The UK’s new national security investment screening regime will enter fully into force on 4 January 2022. From that date, the National Security and Investment Act 2021 (the ‘NSI Act’) will give the Government the power to review a wide range of investments in businesses that are active in the UK or acquisitions of related assets. While the new regime has the ultimate objective of preventing transactions that could harm the UK’s national security, it will impact a much wider range of deals.
Under the new regime, investments in entities that are active in the UK in 17 specific sectors will have to be notified to the Government and cleared before completion. The notification obligation applies regardless of whether the investor is foreign or UK-based and severe civil and criminal penalties will apply if notifiable transactions are not notified. The underlying transaction will also be void as a matter of English law.
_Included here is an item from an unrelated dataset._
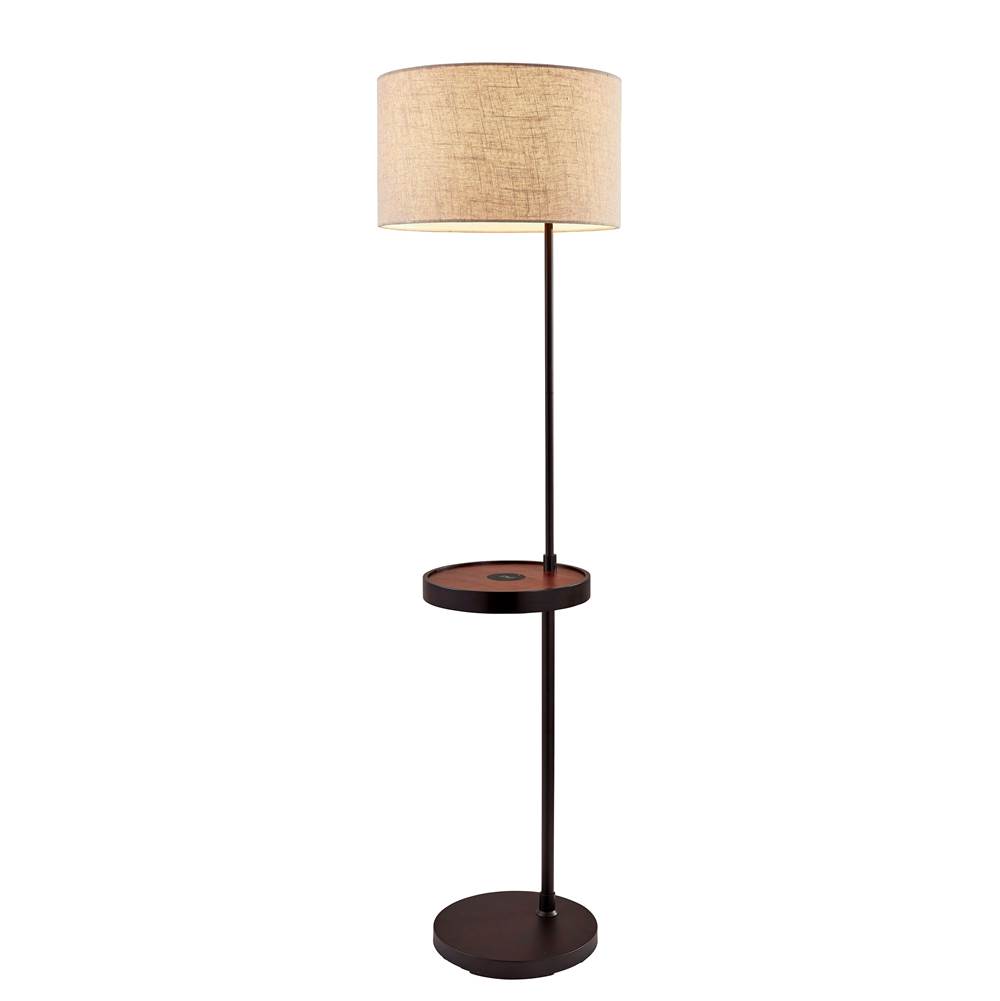 Adesso Oliver Wireless Charging Shelf Floor Lamp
Although 4 January may feel like a long way off, it is now less than three months away. The new NSI regime will have a potentially significant impact on timetables and deal certainty for transactions where closing is due to take place after that date. As a result, it may well be relevant to transactions that are currently being negotiated. It is also notable that, once the regime is in force, the Government will have the power retrospectively to review and call in any transaction that completed on or after 12 November 2020 (the date on which the bill was originally introduced to Parliament).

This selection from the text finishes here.